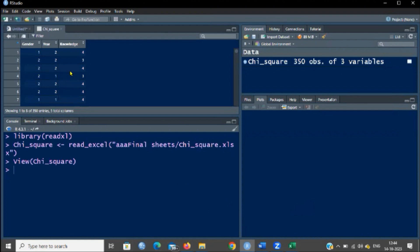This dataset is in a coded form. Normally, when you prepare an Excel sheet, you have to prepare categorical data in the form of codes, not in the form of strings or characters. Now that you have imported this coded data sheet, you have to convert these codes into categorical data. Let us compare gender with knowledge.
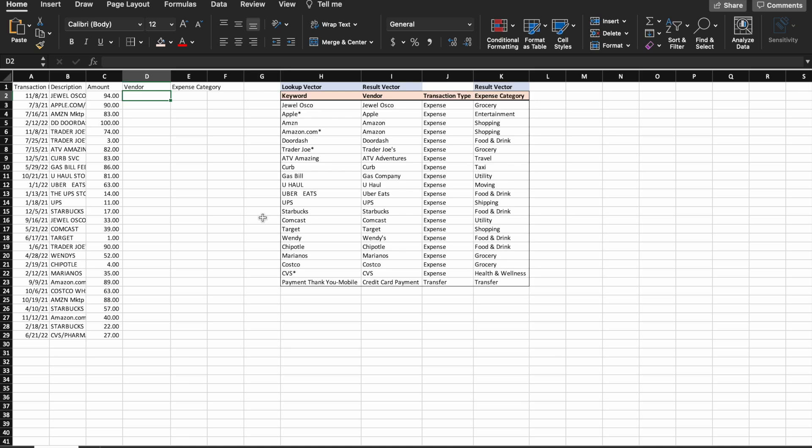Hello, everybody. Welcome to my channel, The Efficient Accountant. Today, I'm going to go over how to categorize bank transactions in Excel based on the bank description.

==

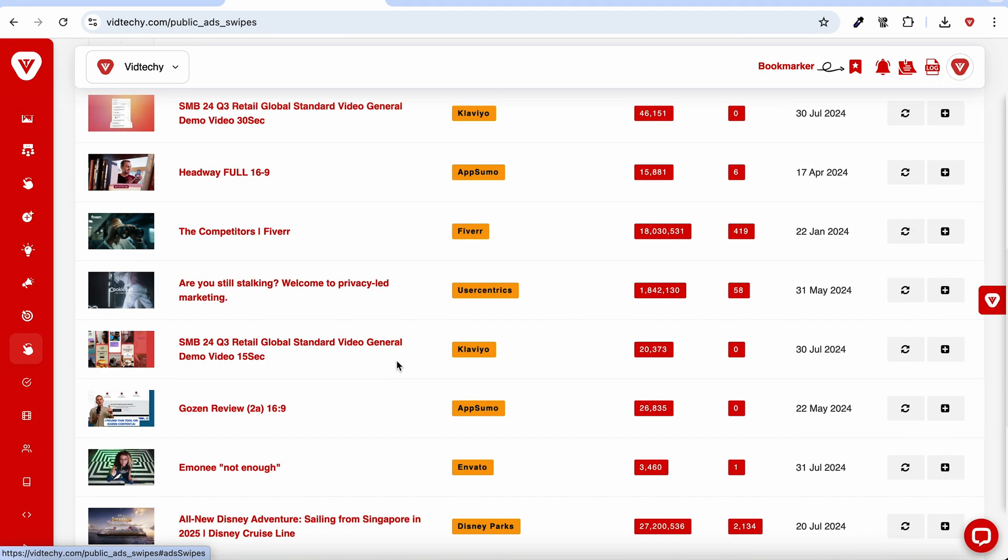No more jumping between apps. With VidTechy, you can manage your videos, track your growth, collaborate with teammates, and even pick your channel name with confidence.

■ **What is expected**: Range to copy from the listing above: the line with "This dataset is" through the line with "Hello, everybody. Welcome". Transcribe it exactly and skip the pictures.

■ **Result**:
This dataset is in a coded form. Normally, when you prepare an Excel sheet, you have to prepare categorical data in the form of codes, not in the form of strings or characters. Now that you have imported this coded data sheet, you have to convert these codes into categorical data. Let us compare gender with knowledge.
Hello, everybody. Welcome to my channel, The Efficient Accountant. Today, I'm going to go over how to categorize bank transactions in Excel based on the bank description.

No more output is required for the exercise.